Yitzkhok Yoel Linetzky (יצחק יואל לינעצקי, 1839-1915) was a Yiddish language author and early Zionist. Sol Liptzin characterized him as "a master of the picturesque vitriolic phrase." [Liptzin, 1972, 46]

==Life==

He was raised a Hasidic Jew in Vinnytsia, Podolia (now in Ukraine), but revolted against his violent schoolteachers and cabalist father by aligning himself with the Haskalah, the Jewish Enlightenment. His father tried to offset this development by marrying him at the age of fourteen to a twelve-year-old girl; he drew her away from Hasidism and Kabbalah, and his father forced him to divorce and remarry, this time to what Liptzin describes as "a deaf, moronic woman".

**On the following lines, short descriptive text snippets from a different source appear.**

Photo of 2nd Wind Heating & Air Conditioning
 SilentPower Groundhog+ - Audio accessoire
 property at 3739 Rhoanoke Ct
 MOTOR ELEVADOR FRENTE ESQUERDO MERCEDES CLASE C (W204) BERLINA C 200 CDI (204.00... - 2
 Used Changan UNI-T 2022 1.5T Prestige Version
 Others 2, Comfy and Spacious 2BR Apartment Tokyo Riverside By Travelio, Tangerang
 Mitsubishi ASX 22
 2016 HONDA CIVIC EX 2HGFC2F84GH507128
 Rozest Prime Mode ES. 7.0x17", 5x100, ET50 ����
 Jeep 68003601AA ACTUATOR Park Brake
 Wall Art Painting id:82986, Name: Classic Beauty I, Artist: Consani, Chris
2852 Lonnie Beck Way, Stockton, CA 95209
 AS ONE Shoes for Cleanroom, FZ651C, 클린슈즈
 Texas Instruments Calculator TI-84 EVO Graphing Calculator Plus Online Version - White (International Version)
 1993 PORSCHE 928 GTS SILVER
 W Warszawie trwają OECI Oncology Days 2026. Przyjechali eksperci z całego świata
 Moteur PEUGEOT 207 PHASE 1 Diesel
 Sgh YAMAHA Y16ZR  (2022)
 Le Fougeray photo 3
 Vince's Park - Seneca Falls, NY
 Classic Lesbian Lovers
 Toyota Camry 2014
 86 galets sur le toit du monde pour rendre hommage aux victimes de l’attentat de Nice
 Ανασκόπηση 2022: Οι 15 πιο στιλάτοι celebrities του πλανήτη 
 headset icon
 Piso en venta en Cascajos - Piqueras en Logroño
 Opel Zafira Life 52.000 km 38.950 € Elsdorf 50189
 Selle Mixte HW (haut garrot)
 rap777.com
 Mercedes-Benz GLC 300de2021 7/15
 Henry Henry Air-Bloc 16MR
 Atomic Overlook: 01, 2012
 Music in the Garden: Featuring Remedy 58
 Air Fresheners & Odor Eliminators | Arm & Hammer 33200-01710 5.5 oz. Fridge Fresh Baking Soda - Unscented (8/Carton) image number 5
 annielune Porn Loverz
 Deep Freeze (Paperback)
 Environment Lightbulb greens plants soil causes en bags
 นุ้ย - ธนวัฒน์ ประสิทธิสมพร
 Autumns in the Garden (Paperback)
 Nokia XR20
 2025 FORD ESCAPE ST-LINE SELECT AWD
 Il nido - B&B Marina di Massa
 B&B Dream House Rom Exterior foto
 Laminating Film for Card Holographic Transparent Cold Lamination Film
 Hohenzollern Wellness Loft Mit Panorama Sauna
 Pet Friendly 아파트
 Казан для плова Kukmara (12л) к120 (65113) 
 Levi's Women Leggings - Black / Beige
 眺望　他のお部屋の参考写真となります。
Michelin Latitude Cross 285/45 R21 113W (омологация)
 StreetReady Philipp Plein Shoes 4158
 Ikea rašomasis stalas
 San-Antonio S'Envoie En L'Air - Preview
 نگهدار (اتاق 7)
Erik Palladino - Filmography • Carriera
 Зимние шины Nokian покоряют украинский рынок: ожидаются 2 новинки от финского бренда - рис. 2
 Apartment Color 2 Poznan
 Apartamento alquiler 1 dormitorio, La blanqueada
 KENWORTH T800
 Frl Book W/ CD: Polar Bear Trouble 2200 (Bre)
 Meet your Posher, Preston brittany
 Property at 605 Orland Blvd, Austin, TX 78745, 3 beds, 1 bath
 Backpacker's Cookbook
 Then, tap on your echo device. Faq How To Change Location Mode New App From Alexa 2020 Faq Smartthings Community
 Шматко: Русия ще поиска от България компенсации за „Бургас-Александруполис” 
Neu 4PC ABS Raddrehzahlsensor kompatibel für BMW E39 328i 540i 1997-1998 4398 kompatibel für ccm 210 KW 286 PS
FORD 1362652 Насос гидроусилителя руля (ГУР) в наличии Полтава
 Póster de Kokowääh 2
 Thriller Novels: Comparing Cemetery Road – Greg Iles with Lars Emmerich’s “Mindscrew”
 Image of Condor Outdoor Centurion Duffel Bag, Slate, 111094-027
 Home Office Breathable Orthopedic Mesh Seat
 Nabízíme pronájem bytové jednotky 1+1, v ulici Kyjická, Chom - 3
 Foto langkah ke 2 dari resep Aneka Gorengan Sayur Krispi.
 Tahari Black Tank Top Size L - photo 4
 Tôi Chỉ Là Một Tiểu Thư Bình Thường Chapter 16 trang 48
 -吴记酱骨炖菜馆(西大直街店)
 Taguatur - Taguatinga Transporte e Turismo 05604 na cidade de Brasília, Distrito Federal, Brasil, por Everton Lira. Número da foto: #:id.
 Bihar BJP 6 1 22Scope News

Linetzky ran away to Odessa, Ukraine, where he acquired a secular education. Attempting to leave for Germany to continue his education, he was stopped at the border and brought back, a virtual prisoner, to Vinitza. At 23, he managed again to escape, this time to the government-sponsored rabbinical academy at Zhytomyr, where he developed a close friendship with Abraham Goldfaden.

Like Abraham Goldfaden and several other Yiddish-language writers of his generation, he came to prominence in the 1860s as a writer for Kol Mevasser; like several others, he had first published in its Hebrew language sister publication Hamelitz. With Goldfaden, he was later involved in several Yiddish language newspapers, including as joint editors of the short-lived weekly Yisrolik (July 1875-February 1876) almost immediately before Goldfaden founded the first professional Yiddish theater troupe.

The pogroms following the 1881 assassination of Czar Alexander II of Russia made Linetzky into an early Zionist. His 1882 booklet America or Israel aligned him with the Hovevei Zion movement, active in the Jewish colonization of Palestine.

==Works==

His semi-autobiographical picaresque novel, Dos Poylishe Yingl (The Polish Lad), an outright attack on the Hasidim, first appeared in installments in Kol Mevasser in 1867, and remained popular at least until the eve of World War II.

Other works included a book of poems Der Beyzer Marshalik (The Angry Master of Ceremonies, 1879).